Cosa vi spinge a dedicare ore e ore di lavoro per realizzare una rappresentazione di così alto livello storico-sociale-culturale?
R. L’insegnamento, prima di essere un lavoro è una missione! Il docente è a contatto con i ragazzi, con i futuri cittadini di domani, con coloro che ci comanderanno e, se non collaboriamo con le famiglie per dar loro degli input positivi, non dobbiamo, poi, lamentarci se la società va a rotoli! In tanti anni di insegnamento ho sempre fatto rappresentazioni teatrali, la soddisfazione di vedere i genitori, gli alunni, il pubblico commossi non si può descrivere; tutto ciò mi induce a continuare per questa strada perché i miei ex alunni, oggi padri, di Vico del Gargano ricordano ancora con affetto e nostalgia i momenti trascorsi insieme. Le ore impiegate sono ovviamente tante, ma vi assicuro che non ci pesano quando pensiamo che l’obiettivo primario è la crescita armoniosa dei ragazzi che i genitori ci affidano con tanta fiducia! Io sono convinta, e l’esperienza me lo conferma, che la recitazione serva a tutti i ragazzi, specialmente ai più timidi, per rafforzare la propria autostima.

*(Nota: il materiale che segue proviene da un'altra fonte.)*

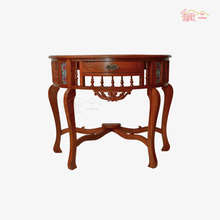 Semi Circle Shaped Carved Wooden Console Table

Abbiamo avuto modo di chiedere ai ragazzi che hanno partecipato alla rappresentazione, il senso della commedia, dalle risposte abbiamo ben compreso che il lavoro non si limita solo a far imparare a memoria le parti, ma c’è dell’altro, ci vuole dire cosa?

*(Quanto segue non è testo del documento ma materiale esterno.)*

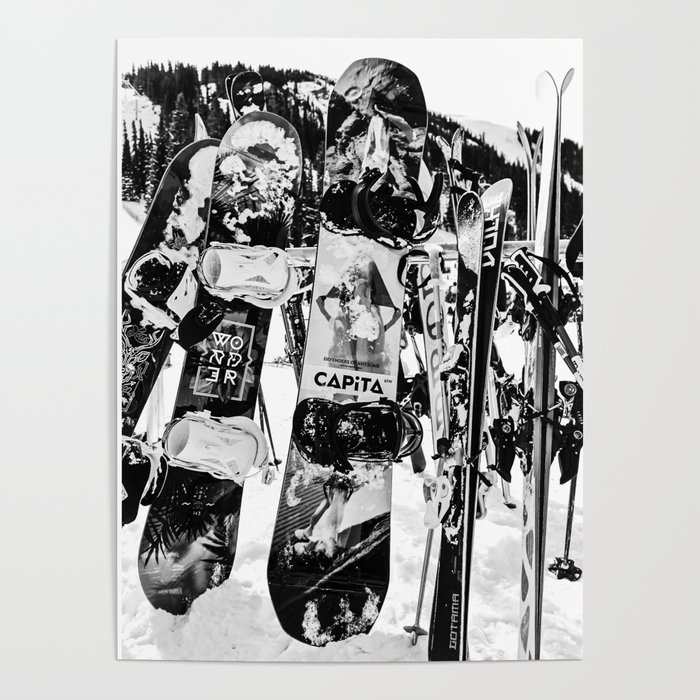 Snowboard Season in Black and White Poster
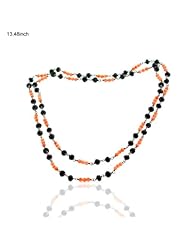 Natural Black Onyx & Coral Beads Chain Necklace Silver Fashion Jewelry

R. La semplice memorizzazione delle parti da recitare non era l’obiettivo primario, per far calare i ragazzi nel ruolo da loro impersonato, abbiamo ricreato i momenti di vita del passato non tralasciando l’aspetto ludico e socializzante.
I genitori hanno espresso in vario modo la loro soddisfazione, dopo aver assistito alla rappresentazione, di certo si aspettano altro per fine anno, cosa ci preparerete?
R. Posso anticipare che abbiamo in progetto un’altra rappresentazione ed i ragazzi che hanno aderito con entusiasmo alla nostra proposta di Ampliamento dell’Offerta Formativa sono circa una quarantina! Sarà una gran bella sorpresa.
Come mai la scelta del dialetto come linguaggio di rappresentazione?
R. Pasolini diceva: “Il dialetto è una lingua a sé che nessuno deve dimenticare, per portare con sé le proprie tradizioni e la propria storia”.